Abd Allah ibn Abbasplo, que viveu no tempo de Maomé, escreveu que a arca tinha forma de barriga de ave e foi feita com a madeira de uma única árvore.Já o persa Abu Ja'far Muhammad ibn Jarir al-Tabari, que escreveu uma História dos Profetas e Reis informou que que a primeira criatura a subir a bordo foi a formiga e a última foi o burro, e que por meio desse animal Satanás também subiu a bordo e acabou sendo salvo. Masudi (956? ) outro comentador árabe, disse que no seu tempo o local onde a Arca parou poderia ser visto e ela ainda estavá lá. E que ela passou por Meca antes de dirigir-se ao monte Ararat, onde finalmente ancorou.
E por vaí, mostrando o extraordinário surto de imaginação que esse assunto tem provocado ao longo dos séculos.
Em outras tradições há igualmente muitas informações bizarras sobre esse tema.

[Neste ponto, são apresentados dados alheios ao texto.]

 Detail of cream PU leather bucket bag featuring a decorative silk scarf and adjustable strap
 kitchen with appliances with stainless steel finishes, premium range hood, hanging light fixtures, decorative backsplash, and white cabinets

Os mandenos, tribo que habita o sul do Iraque, que se dizem discípulos de João Batista, ao qual reverenciam como o verdadeiro Messias, sustentam que a Arca de Noé parou no Egito e não na Armênia, como diz a Bíblia.
Na mitologia dos irlandeses, um filho de Noé, chamado Bith, que não foi autorizado a entrar na arca, subiu a bordo de outro navio e aportou na Irlanda, junto com um grupo de pessoas. Ali ele começou um processo de colonização na ilha, que malogrou.
Na época do Renascimento, o tema da Arca de Noé passou a ser rediscutido em novas bases, com os comentadores tentando arrumar explicações mais lógicas para os fatos. Assim é que Alfonso Tostada, filósofo, Johannes Buteo, geometra, e outros estudiosos elaboraram curiosas explicações para mostrar como Noé conseguira conciliar a presença de tantos animais de instintos diversos juntos, e como conseguiam conviver num ambiente tão complicado como aquele que deveria existir na arca.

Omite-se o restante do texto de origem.